Namun demikian, keinginan untuk melihat sarana masalah sosial dalam teknologi komunikasi menjadi semakin luas dan signifikan. Pada awal 2017, pendiri jejaring sosial Facebook Mark Zuckerberg menulis surat publik di mana ia mengungkapkan ambisi serius. Dia mengumumkan bahwa Facebook memperluas misinya untuk menghubungkan teman dan keluarga untuk menciptakan komunitas global yang bekerja untuk semua orang. Tujuan utamanya adalah untuk mengubah jaringan sosial yang sudah sangat besar menjadi semacam "negara" supranasional, yang mencakup berbagai budaya, bangsa, dan wilayah.

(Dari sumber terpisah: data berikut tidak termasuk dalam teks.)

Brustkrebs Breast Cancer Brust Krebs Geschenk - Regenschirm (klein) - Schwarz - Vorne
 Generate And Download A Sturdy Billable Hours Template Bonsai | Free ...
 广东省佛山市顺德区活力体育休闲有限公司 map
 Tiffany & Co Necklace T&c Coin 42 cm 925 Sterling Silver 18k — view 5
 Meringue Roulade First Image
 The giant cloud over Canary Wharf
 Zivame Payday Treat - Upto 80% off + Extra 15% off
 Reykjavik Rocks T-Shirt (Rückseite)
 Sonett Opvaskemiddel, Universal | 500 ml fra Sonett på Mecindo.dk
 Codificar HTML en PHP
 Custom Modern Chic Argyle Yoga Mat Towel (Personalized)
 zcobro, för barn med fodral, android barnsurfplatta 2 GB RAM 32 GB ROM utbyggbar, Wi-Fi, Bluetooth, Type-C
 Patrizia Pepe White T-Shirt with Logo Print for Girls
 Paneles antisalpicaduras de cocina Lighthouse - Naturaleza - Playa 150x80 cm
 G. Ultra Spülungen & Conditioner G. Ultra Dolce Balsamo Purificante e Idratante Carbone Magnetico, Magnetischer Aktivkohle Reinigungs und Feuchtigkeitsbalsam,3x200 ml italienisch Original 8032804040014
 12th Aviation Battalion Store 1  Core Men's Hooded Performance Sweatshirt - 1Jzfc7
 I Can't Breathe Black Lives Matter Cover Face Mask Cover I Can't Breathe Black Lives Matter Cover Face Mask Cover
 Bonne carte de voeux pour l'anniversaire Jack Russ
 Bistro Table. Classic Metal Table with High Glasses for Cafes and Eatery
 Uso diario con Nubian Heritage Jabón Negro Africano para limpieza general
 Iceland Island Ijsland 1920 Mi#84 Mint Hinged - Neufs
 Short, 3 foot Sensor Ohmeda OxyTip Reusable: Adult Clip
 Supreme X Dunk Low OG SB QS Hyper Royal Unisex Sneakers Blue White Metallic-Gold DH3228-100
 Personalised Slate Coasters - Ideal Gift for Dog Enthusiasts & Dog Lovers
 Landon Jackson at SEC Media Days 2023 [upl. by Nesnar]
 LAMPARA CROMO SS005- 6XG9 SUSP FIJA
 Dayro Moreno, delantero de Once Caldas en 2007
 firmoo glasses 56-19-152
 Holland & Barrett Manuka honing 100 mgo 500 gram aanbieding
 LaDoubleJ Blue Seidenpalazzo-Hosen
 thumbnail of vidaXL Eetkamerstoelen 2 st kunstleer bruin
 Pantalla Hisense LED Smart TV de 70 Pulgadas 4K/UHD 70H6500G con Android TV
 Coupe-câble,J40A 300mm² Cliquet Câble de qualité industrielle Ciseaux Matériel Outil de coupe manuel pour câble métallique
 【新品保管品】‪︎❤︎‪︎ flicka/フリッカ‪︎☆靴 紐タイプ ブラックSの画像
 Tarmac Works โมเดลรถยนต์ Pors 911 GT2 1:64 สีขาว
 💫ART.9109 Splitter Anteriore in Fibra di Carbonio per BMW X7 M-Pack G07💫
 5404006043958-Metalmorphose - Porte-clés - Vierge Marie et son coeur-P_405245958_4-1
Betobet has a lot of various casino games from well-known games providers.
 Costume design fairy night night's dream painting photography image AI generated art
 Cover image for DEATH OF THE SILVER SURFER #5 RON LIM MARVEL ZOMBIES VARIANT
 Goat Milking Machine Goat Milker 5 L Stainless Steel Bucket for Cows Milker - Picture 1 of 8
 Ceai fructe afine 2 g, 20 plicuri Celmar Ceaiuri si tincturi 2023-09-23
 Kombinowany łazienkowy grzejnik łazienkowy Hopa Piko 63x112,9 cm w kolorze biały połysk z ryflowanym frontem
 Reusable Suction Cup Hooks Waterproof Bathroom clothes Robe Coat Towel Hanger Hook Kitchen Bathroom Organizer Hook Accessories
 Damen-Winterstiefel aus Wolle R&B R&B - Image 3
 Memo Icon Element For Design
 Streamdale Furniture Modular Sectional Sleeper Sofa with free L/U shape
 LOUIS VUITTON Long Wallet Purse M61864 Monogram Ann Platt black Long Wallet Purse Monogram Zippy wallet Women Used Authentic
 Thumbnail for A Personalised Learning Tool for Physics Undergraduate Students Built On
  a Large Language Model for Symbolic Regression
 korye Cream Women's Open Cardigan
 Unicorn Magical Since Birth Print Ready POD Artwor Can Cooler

Terlepas dari publisitas luas bahwa perjuangan Facebook baru-baru ini untuk mengendalikan ucapan kebencian, kekerasan dan berita palsu telah diterima, Zuckerberg lebih percaya diri dari sebelumnya bahwa "komunitas global" dapat dibuat dengan perangkat lunak.
Elemen sentral dari proyek barunya adalah "infrastruktur sosial" terkomputerisasi yang akan menggunakan kemampuan kecerdasan buatan untuk mengelola arus informasi sedemikian rupa sehingga setiap orang puas. Sistem akan mempromosikan ekspresi universal dan pada saat yang sama melindungi individu dari konten yang tidak pantas.
Namun, para peneliti percaya bahwa rencana muluk seperti itu melampaui sifat manusia. Kemajuan menuju dunia yang lebih bersahabat tidak hanya membutuhkan keajaiban teknologi, tetapi juga tindakan konkret, melelahkan dan umumnya manusia: negosiasi dan kompromi, penekanan pada kewarganegaraan dan debat warga negara yang beralasan, mampu menilai perspektif yang berlawanan. Pada tingkat pribadi, kita mungkin membutuhkan lebih sedikit ekspresi diri dan lebih banyak introspeksi.
Teknologi adalah penguat yang secara bersamaan bekerja dengan fitur terbaik dan terburuk seseorang. Tapi dia tidak bisa membuat kita lebih baik - kita tidak bisa menempatkan ini pada mesin.